Looking Back at Those Nike/Tiger Woods Ball Bouncing Commercials

It's been more than 20 years since one of the most-iconic and well-remembered golf television commercials of all-time first appeared on TV screens. I'm talking about the ball-bouncing commercial with Tiger Woods by Nike Golf. It's what we would probably call "juggling" a golf ball today — bouncing it on the clubface (sometimes the crown) of a golf club, repeatedly.

Woods made three such commercials for Nike, the first one appearing on June 16, 1999. Here are all three of them (the third one shows Tiger bloopers) back-to-back-to-back:

For golfers who came of age after these commercials appeared, it might be hard to fathom just how big a deal that first Tiger Woods ball bouncing commercial really was. Because today, on YouTube, Instagram, TikTok, and across social media you can find hundreds, thousands, of golfers doing the exact same thing.

Frankly, the ball bouncing trick just isn't that impressive anymore. Any golfer can do it with patience and practice. It's a staple of trick shot videos.

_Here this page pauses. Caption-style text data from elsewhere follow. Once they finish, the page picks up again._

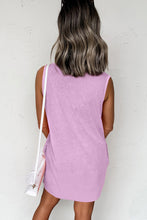 Load image into Gallery viewer, Beau Blue Mineral Wash Tank Mini Dress with Pockets
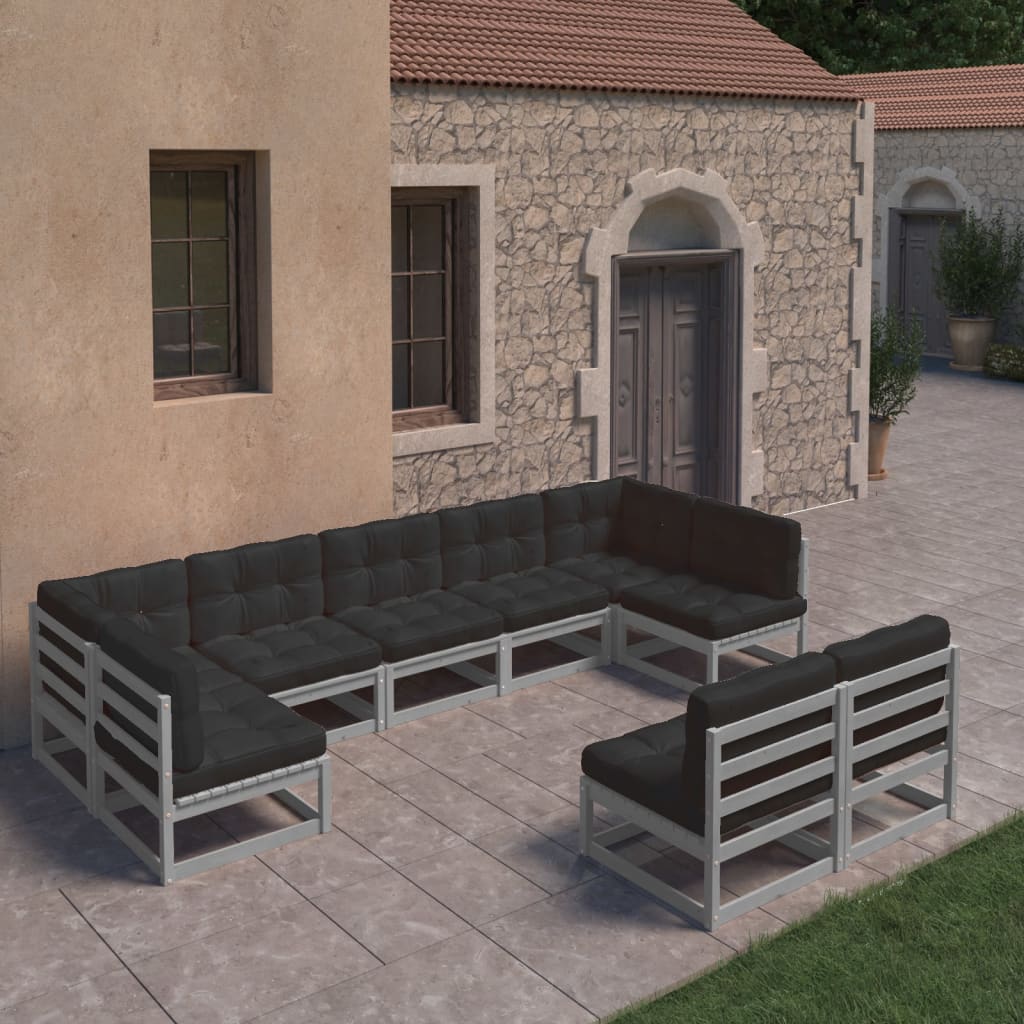 vidaXL 9-tlg. Garten-Lounge-Set mit Kissen Grau Massivholz Kiefer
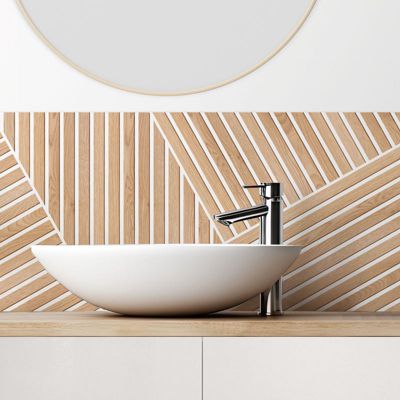 Crédence de salle de bain en Aluminium motif bois Beige 140x30 cm (en 2 bandeaux) - Ikigai Blanc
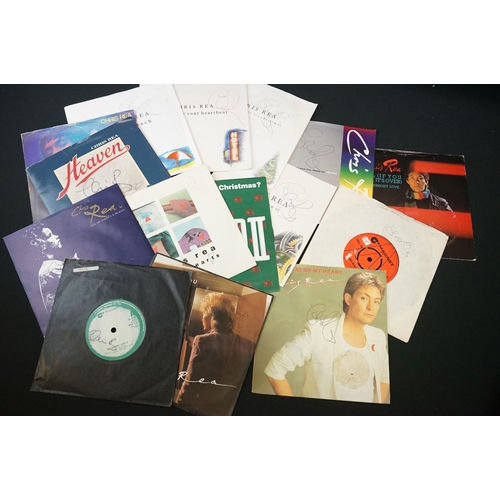 150 - Vinyl & Autographs - Over 30 singles signed by Chris Rea.  From the estate of the late Julia Trangma... 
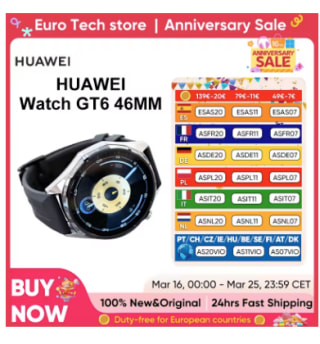 HUAWEI Watch GT6 46 mm zwart voor €159,18 dmv code bij Aliexpress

But at the time, in 1999, these commercials exploded into the golf world. For many golfers — remember, this is pre-YouTube — Tiger juggling his golf ball in that first Nike commercial was the first time they had ever seen anything like this.

Some people even doubted that Woods really performed the trick as it was shown: "there must have been camera tricks!" You can get a sense of this in a 1999 newspaper article that appeared in the Seattle Times; the headline was, "That Tiger Woods TV Commercial? Honest, It Really Happened That Way."

Some people just couldn't believe their eyes, apparently. The article describes the "accidental" way the commercial came about:

Woods says he really did bounce the ball continuously for about 28 seconds — in front of him, between his legs, behind his back and in front again — before popping it high in the air, then swatting it ala Ken Griffey Jr.

No trick photography or videotape splicing was necessary.

"It's real," he said. "Trust me."

The commercial happened by accident. Producers were taping another Nike commercial, the one that shows Woods on a driving range with other golfers, hitting shots in sequence.

Woods said the taping took hours. During one long wait, he decided to entertain the other golfers with his wedge-and-ball trick.

"I was basically putting on an exhibition, just trying to pass the time," Woods said. The director said, 'You know, why don't we just film this?' "

Woods was told that, for a 30-second commercial, his juggling routine needed to be 28 seconds. But during each of the first three takes, the director would interrupt with, "You've got 10 seconds." Each time, Woods said, "I'd shank it right away."

Before the fourth take, Woods told the director to wait until five seconds remained to say anything. Take No. 4 was a keeper.

Was Woods the first golfer to perform the ball-bouncing trick? Of course not, not even close. He was just the first to do so in a high-profile TV production (everything Tiger did in those days was high-profile). For as long as there have been golfers, there have been golfers trying to pull off trick shots, and golf ball juggling goes back many decades.

Tiger's ball-juggling Nike commercial just happened to come along at the perfect time, with the perfect golfer, and the perfect presentation.